Focus on Successful Regional and National Franchises:  The Company believes that
through building long-term relationships with major regional and national
franchise concepts, it can increase the level of loan originations through an
existing network and through repeat lending opportunities.  The Company
primarily focuses on lending to successful regional and national franchise
concepts with proven track records of successful operations.

Maximize Interest Income While Originating Low-Risk Loans:  The Company seeks to
maximize its return on investment while minimizing credit loss exposure.  The
Company maintains a high spread by typically lending at LIBOR + 375 basis
points.  The Company's maximum loan-to-value ratio is 70% of the appraised value
on Acquisition and Construction Loans (65% for single-unit operators) and 65% of
the appraised value on Enterprise Loans.  In addition, credit risk is decreased
as the Company requires that all loans are collateralized by a first lien on
substantially all of the franchisee's furniture, fixtures, and equipment,
collateral assignment of leases or a leasehold mortgage.  The Company also
imposes a high prepayment penalty and strict yield maintenance programs to
increase interest income and deter prepayment of loans.

Commitment to the Company's Underwriting Guidelines:  The Company believes a key
factor in its success to date has been its ability to minimize its delinquency
levels and its losses when lending to the Company's borrowers. 

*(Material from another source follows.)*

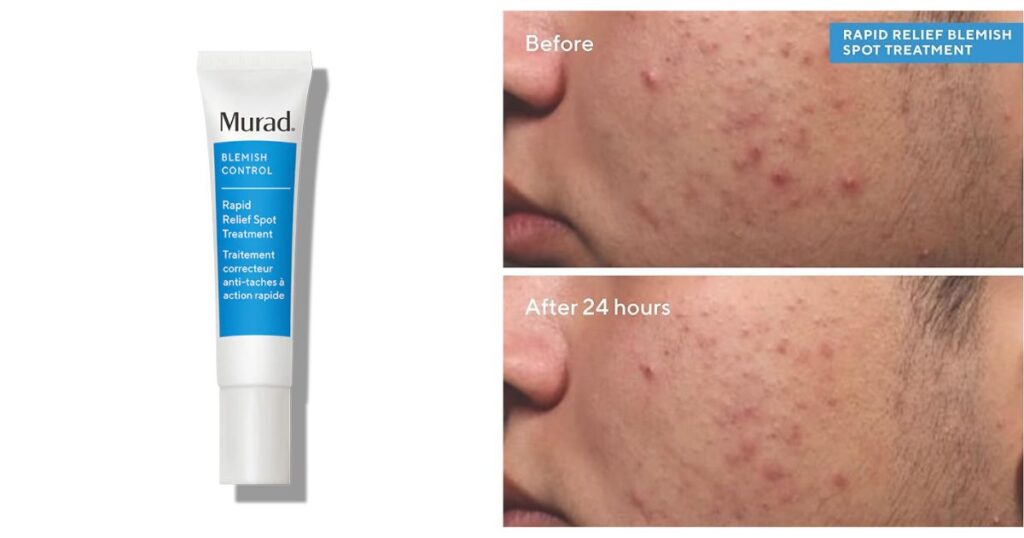 Summer Bum Acne Treatment derm-backed recommendation: Murad: Rapid Relief Spot Treatment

                                       8
<PAGE>
 
The Company has been able to achieve these standards by maintaining low
geographic concentrations with each franchisee, continually monitoring the
performance of its loans as well as reevaluating its underwriting guidelines and
quality control criteria. As a result of these factors, the Company has been
consistently able to maintain delinquency and foreclosure ratios at or below
industry levels.

EXPANSION STRATEGY

Expand Product Line and Increase Equity Participation:  The Company intends to
further leverage its reputation as leader in franchise mortgage lending by
acting as a full-service franchise lending institution.  The Company seeks to
increase its focus on lending money to franchisees to finance the construction
of franchise units, and equity participation therein.  The Company believes that
the potential for equity participation will attract additional franchise
borrowers and franchise concepts.

Leveraging Strategic Relationships and Selective Acquisitions:  The Company
intends to continue to take advantage of existing strategic relationships to
access additional franchise opportunities.  In addition, the Company seeks to
increase its capital and lending capabilities through acquisitions of synergetic
commercial finance companies.

Expand into New Franchise Concepts:  The Company believes that substantial
opportunities exist to extend its existing franchise financing methodology into
non-restaurant concepts.  The Company intends to increase its loan origination
volume by expanding into other franchise concepts, such as automobile, energy,
golf course refinancing, and other non-restaurant concepts.


LOAN ORIGINATIONS

Overview

   The Company generally finances renovations, expansions, and improvements to
existing franchise operations, equipment purchases, new unit development, real
estate acquisition, unit acquisition, working capital, and debt refinancing.
During the three months ended March 31, 1997, the Company originated
approximately $140 million in new loans.

   Generally, the Company's borrowers own three or more units, have three or
more years of ownership in the concept, or have an equivalent ownership tenure
in a different major fast food concept.  For Enterprise Loans, the Company
secures its interest by taking a first lien on substantially all of the
borrower's furniture, fixtures and equipment.  Additionally, the Company secures
its interest by taking a leasehold mortgage or collateral assignment of the
franchisee's leases.  For Acquisition and Construction Loans, in addition to the
enterprise value, the Company takes an assignment of the land lease (with term
or options extending beyond the proposed loan term) in addition to a first lien
on the building and the furniture, fixture and equipment associated with the
enterprise value of the loan.  The Company obtains a first mortgage on any
property financed in addition to a first lien on the furniture, fixtures and
equipment associated with the enterprise value of the loan.  Enterprise loans
may have a term and amortization of up to 15 years.  Acquisition and
Construction Loans have a maximum term and amortization of 20 years.  In no
event will a loan term exceed an existing lease term (including any option to
renew) or a remaining franchise term (including any standard renewal term).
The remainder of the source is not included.